Supplied material -

_ _ _ _ _

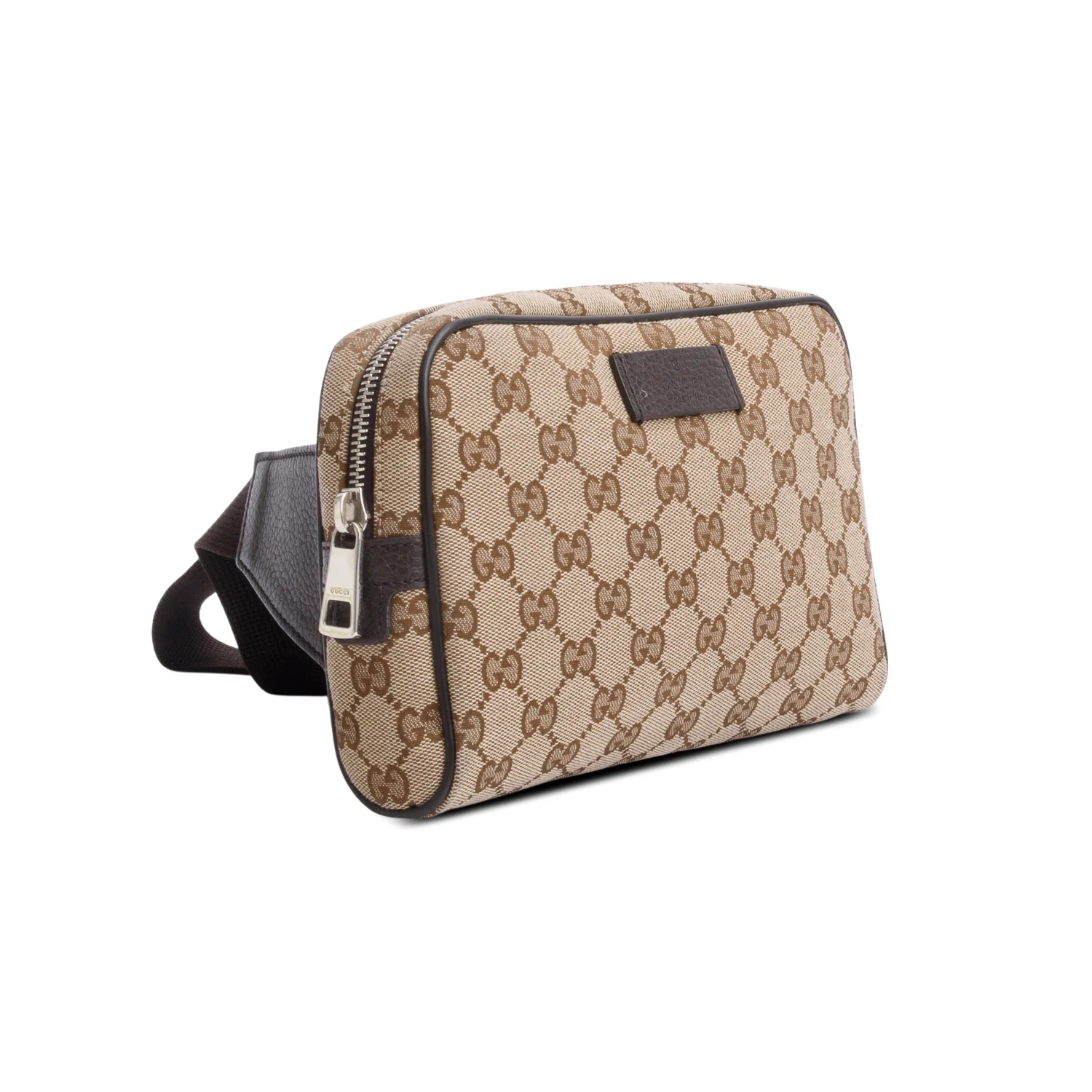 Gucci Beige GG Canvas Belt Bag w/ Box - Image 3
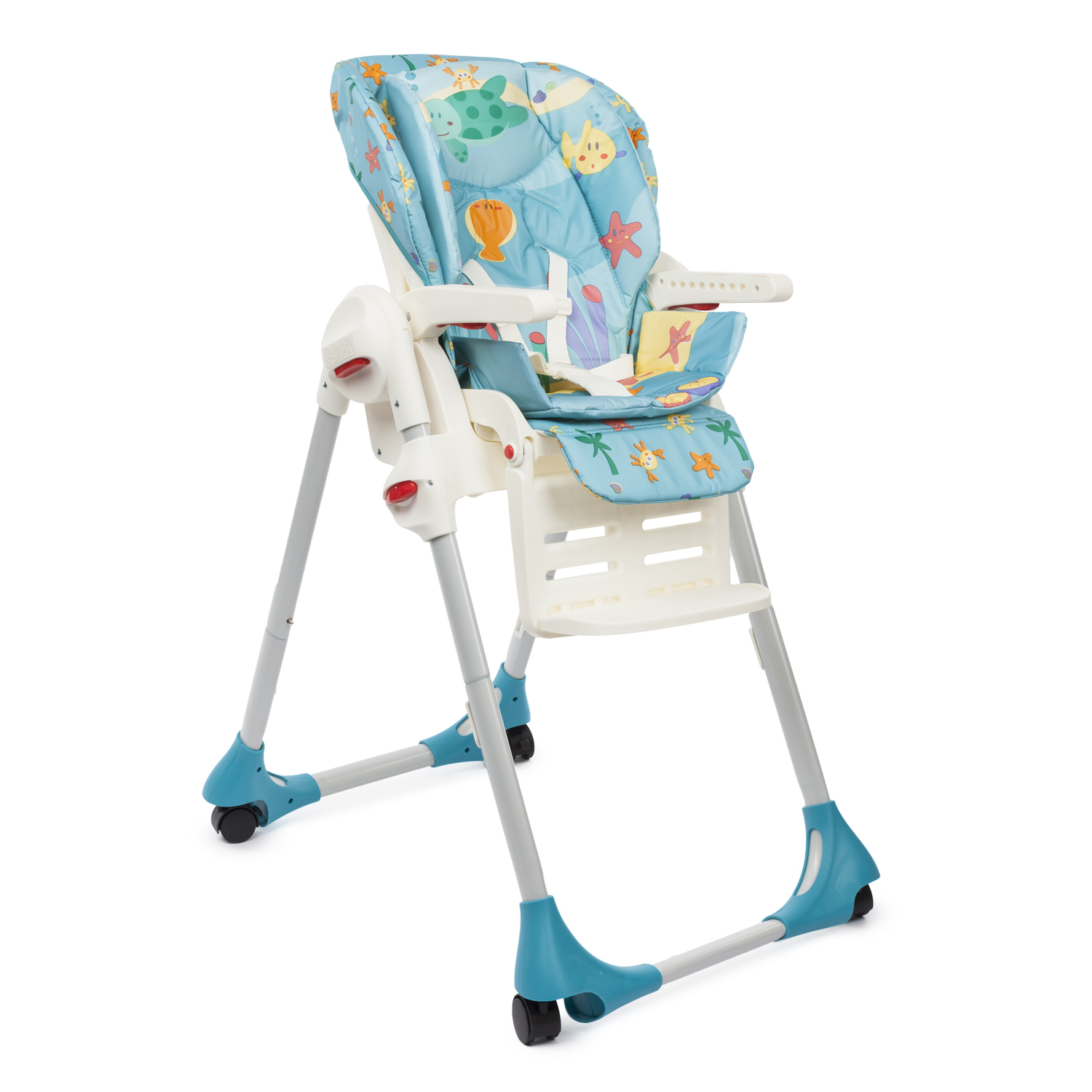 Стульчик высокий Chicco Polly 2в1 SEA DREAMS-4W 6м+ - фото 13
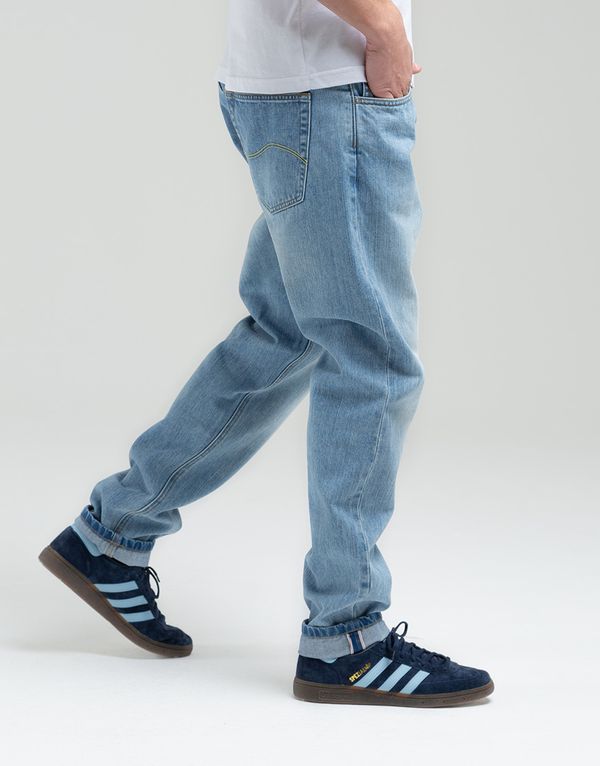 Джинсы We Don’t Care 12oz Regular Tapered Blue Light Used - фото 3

_ _ _ _ _

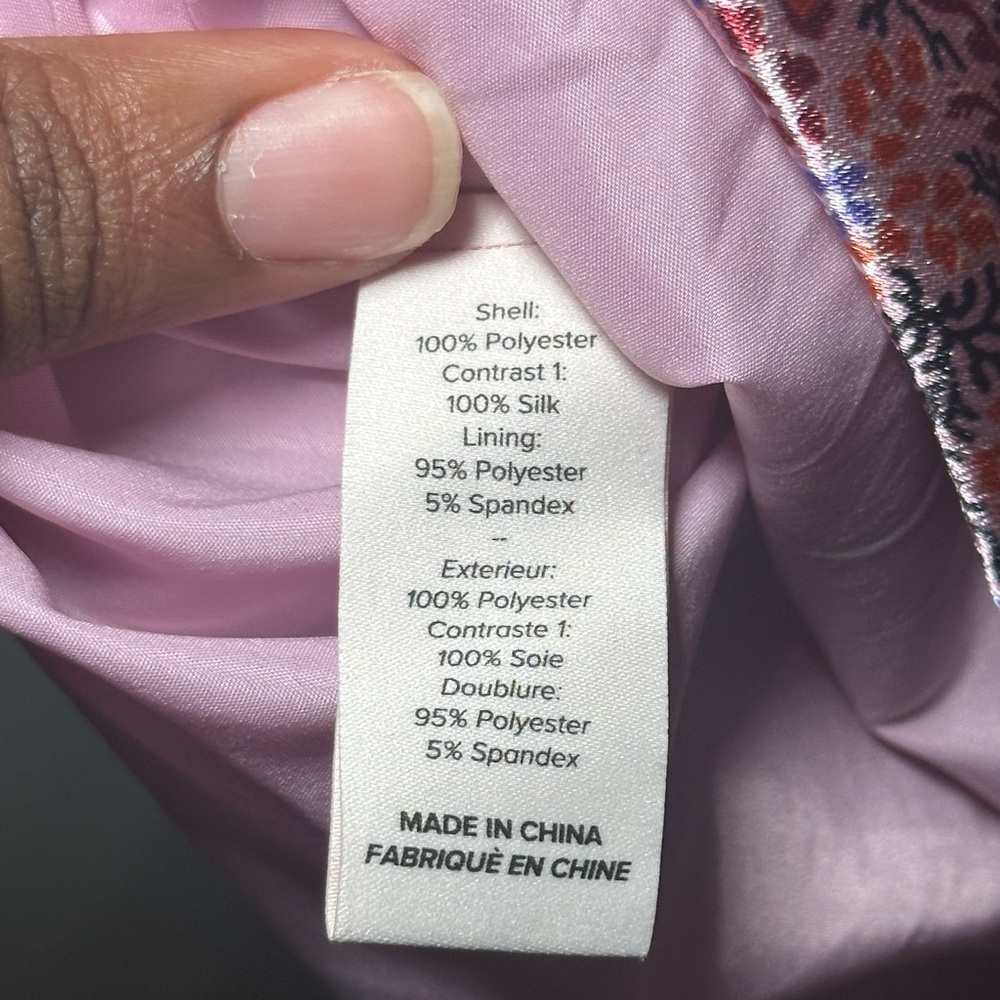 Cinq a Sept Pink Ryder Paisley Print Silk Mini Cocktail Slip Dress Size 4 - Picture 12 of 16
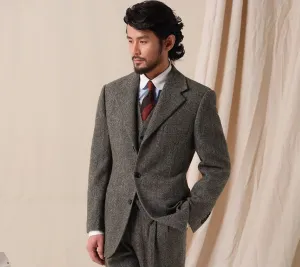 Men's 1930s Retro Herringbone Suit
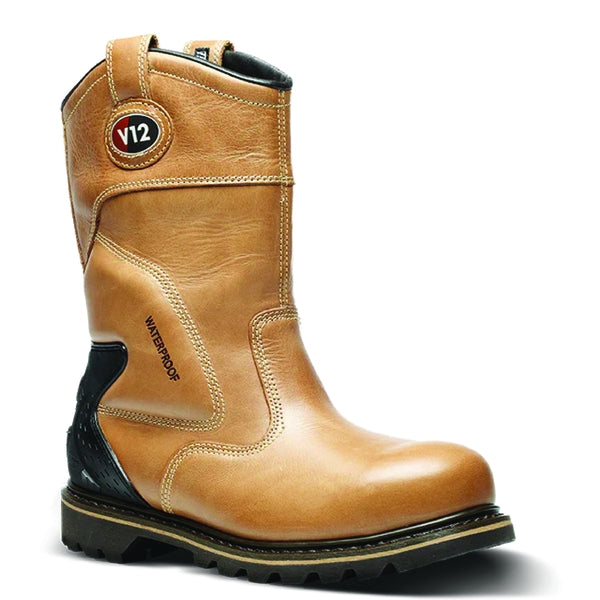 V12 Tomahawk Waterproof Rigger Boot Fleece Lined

_ _ _ _ _

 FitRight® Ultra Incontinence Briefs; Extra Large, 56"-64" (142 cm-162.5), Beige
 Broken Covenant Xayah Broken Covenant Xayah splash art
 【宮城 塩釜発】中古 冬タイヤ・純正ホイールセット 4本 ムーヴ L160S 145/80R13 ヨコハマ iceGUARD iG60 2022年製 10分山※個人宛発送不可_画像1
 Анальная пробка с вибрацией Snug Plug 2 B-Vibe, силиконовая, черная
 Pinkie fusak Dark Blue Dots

_ _ _ _ _

Task to complete - Reproduce exactly the lines of the data above that run from the line with "Gucci Beige GG" down to the line with "Джинсы We Don’t", both ends included. Pictures do not belong in the copy.

Written response -
 Gucci Beige GG Canvas Belt Bag w/ Box - Image 3
 Стульчик высокий Chicco Polly 2в1 SEA DREAMS-4W 6м+ - фото 13
 Джинсы We Don’t Care 12oz Regular Tapered Blue Light Used - фото 3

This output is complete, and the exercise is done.